OUR VIEW: Fireworks not to be trifled with


---- — There are 200 injuries daily because of the use of fireworks in the month of July, according to the U.S. Consumer Product Safety Commission.

Every day. Two hundred injuries. That’s 6,000 injuries in one month.

We can almost hear you saying, “Oh, but that’s only because of the crazy people who make their own fireworks and buy the big, outlandish fireworks.”

To that we say, there were an estimated 600 emergency room visits associated with sparklers and 400 with bottle rockets.

And, might we add, another 400 of those visits were from small firecrackers.

Yes, that leaves a large number for the those playing with and making illegal fireworks, but no one is immune from the dangers of fireworks — big or small, legal or illegal.

So, if you’re going to be purchasing and using fireworks, please be safe because your health is of utmost importance.

Here’s how to play with fireworks safely:

• Never let children handle, play with, or light any fireworks.

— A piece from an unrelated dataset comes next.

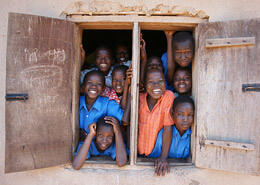 Imagen de niños africanos asomados en una ventana sonriendo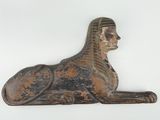 statue d'un sphinx couché sur une surface blanche, avec un fond blanc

• Store fireworks in a cool, dry place away from the reach of children.

• Always purchase your fireworks from reliable, licensed fireworks dealers.

• Use a clear, open area. Keep audience a safe distance away from the shooting site.

• Safety glasses are recommended for those individuals lighting fireworks or those in close proximity to the fireworks.

• Do not alter any fireworks device or make your own fireworks.

• Only light one firework item at a time.

• Never attempt to re-light, alter, or fix any “dud” firework item.

• Have a fire extinguisher, water supply, hose, or bucket of water nearby.

• Never smoke when handling fireworks.

And secondly, be careful because there are laws surrounding the use of fireworks.

Here’s some of the laws you should be aware of, according to the Indiana State Police:

• Only individuals over the age of 18 may purchase fireworks.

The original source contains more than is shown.